Reputation:
I'm trying to scrap a page in youtube with python which has lot of ajax in it
I've to call the java script each time to get the info. But i'm not really sure how to go about it. I'm using the urllib2 module to open URLs. Any help would be appreciated.
Upvotes: 2
Views: 4397
Reputation: 2952
You could sniff the network traffic with something like Wireshark then replay the HTTP calls via a scraping framework that is robust enough to deal with AJAX, such as scraPY.
Upvotes: 0
Reputation: 18387
Here is how I would do it: Install Firebug on Firefox, then turn the NET on in firebug and click on the desired link on YouTube.
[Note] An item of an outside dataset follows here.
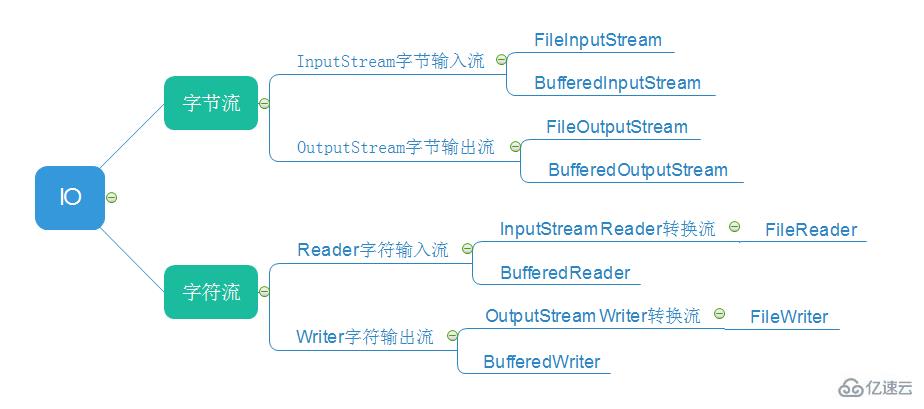 java IO流常用操作之字節(jié)流和字符流的示例分析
Now see what happens and what pages are requested. Find the one that are responsible for the AJAX part of page. Now you can use urllib or Mechanize to fetch the link. If you CAN pull the same content this way, then you have what you are looking for, then just parse the content. If you CAN'T pull the content this way, then that would suggest that the requested page might be looking at user login credentials, sessions info or other header fields such as HTTP_REFERER ... etc. Then you might want to look at something more extensive like the scrapy ... etc. I would suggest that you always follow the simple path first. Good luck and happy "responsibly" scraping! :)
Upvotes: 2
Reputation: 123518
As suggested, you should use the YouTube API to access the data made available legitimately.
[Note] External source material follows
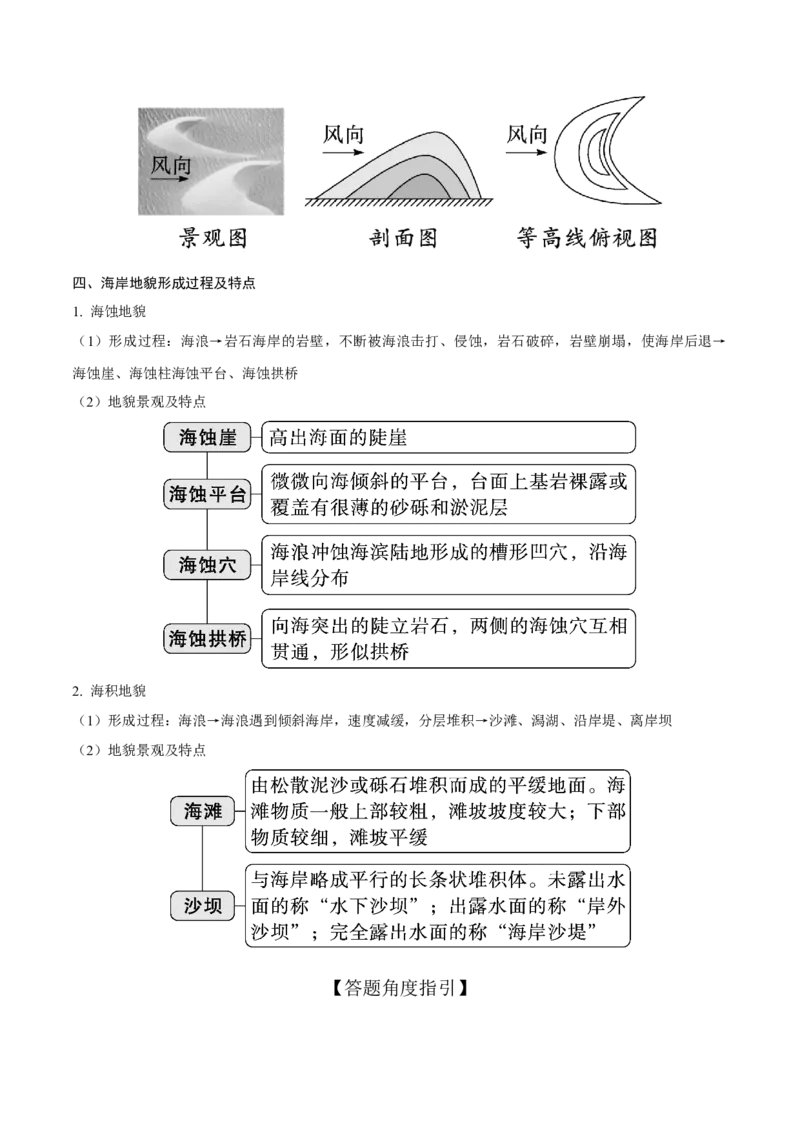 《第18讲常见地貌类型（知识清单）-（学生版）_地理_2026年_2026年高考地理一轮复习全程跟踪讲义-G350_资料》第8页预览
Regarding the general question of scraping AJAX, you might want to consider the scrapy framework. It provides extensive support for crawling and scraping web sites and uses python-spidermonkey under the hood to access javascript links.
Upvotes: 0
Reputation: 881695
Main problem is, you're violating the TOS (terms of service) for the youtube site. Youtube engineers and lawyers will do their professional best to track you down and make an example of you if you persist. If you're happy with that prospect, then, on you head be it -- technically, your best bet are python-spidermonkey and selenium. I wanted to put the technical hints on record in case anybody in the future has needs like the ones your question's title indicates, without the legal issues you clearly have if you continue in this particular endeavor.
Upvotes: 6
Reputation: 40052
Youtube (and everything else Google makes) have EXTENSIVE APIs already in place for giving you access to just about any and all data you could possibly want.
Take a look at The Youtube Data API for more information.
I use urllib to make the API requests and ElementTree to parse the returned XML.
Upvotes: 6